Он снова здесь - Тимур Вермеш
Шрифт:
Интервал:
Закладка:
И его соратники.
Я уже предчувствую возражение скептиков, болтливых всезнаек: мол, нельзя одновременно играть на двух скрипках. Вот вам еще один пример, сколько эти люди понимают в реальности. Не может быть того, чего быть не должно[50]. Но ведь именно так и есть! И как раз на этом сломалось бессчетное количество очень даже великих вождей! Взять, к примеру, Наполеона. Гений, никаких вопросов. Но исключительно на военной “скрипке”. Потерпел неудачу из-за соратников. И про любого гения уместен вопрос: каких соратников он себе выбирает? Например, Фридрих Великий – у него был генерал Курт Кристоф фон Шверин, подстреленный в бою за отечество, верхом на коне и со знаменем в руке. Или Ганс Карл фон Винтерфельд, в 1757 году сражен смертоносными ударами сабель. Вот это соратники! А кто у Наполеона?
Надо признать, у него была несчастливая рука, и это еще мягко сказано. Семейственность самого дрянного сорта, родственнички уже выстроились в очередь. Слабоумный брат Жозеф сидит в Испании, на свояченице женится Бернадот, Жером получает Вестфалию, сестер распределили по итальянским графствам, и неужели хоть кто-то его поблагодарил? Худший паразит – Луи, которого Наполеон сажает королем Голландии, а тот оттачивает свою карьеру, будто сам завоевал эту Голландию. С такими соратниками не получится ни войну провести, ни миром управлять. Так что я всегда уделял огромное значение превосходным соратникам. И в большинстве случаев их находил.
Одна только блокада Ленинграда!
Два миллиона гражданских лиц в окружении, без всякого подвоза провизии.

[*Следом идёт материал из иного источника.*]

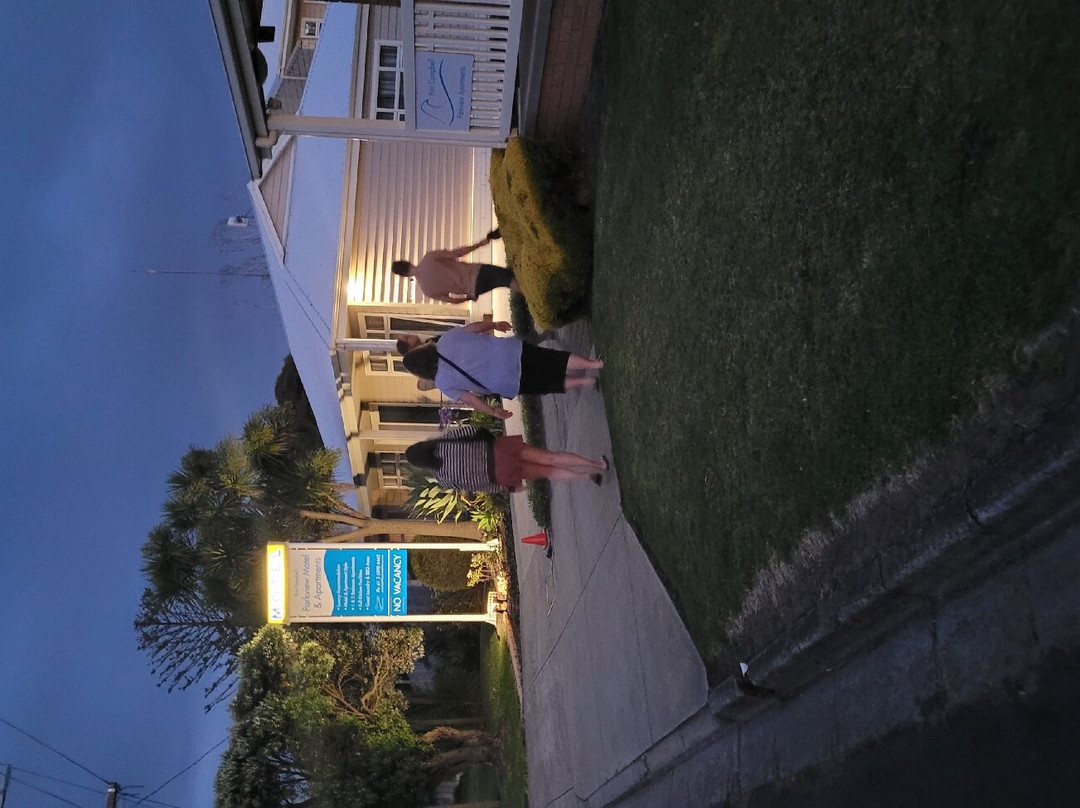 坎贝尔汽车旅馆公寓主图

Требуется определенное чувство долга, чтобы ежедневно скидывать туда тысячи бомб, и вдобавок прицельно на продовольственные склады. Люди под конец дошли до того, что проламывали друг другу головы, чтобы пожевать землю, на которой растекся горелый сахар. Понятно, что с точки зрения расового учения эти гражданские лица не представляли ценности, но ведь простой солдат мог подумать: “Ах бедные, бедные люди!” И надо учесть, что пехотинец зачастую крайне привязан к животным.
Я своими глазами в окопе видел, как люди бросались под заградительный огонь, чтобы спасти кошечку, или неделями сберегали паек, чтобы потом по-братски поделиться с приблудным псом. Вот очередной пример тому, что война пробуждает в людях не только самые жестокие, но и самые нежные и теплые чувства, а битва во многих смыслах высекает из людей самое лучшее. Простого человека, что идет на бой, я бы сравнил с неотесанным камнем, а из боя выходит безупречный друг животных, исполненный неумолимой воли, готовый сделать все, что необходимо. И вот эти простые люди, эти сотни тысяч солдат и любителей кошек не предлагают: “Давайте-ка вести себя потише, ну в худшем случае ленинградцы будут чуть дольше умирать от голода!” Нет, они призывают: “А ну, бодро вдарим бомбой! Фюрер знал, что говорил, отдавая нам приказ!” И когда ты это слышишь, то понимаешь, что у тебя были верные соратники.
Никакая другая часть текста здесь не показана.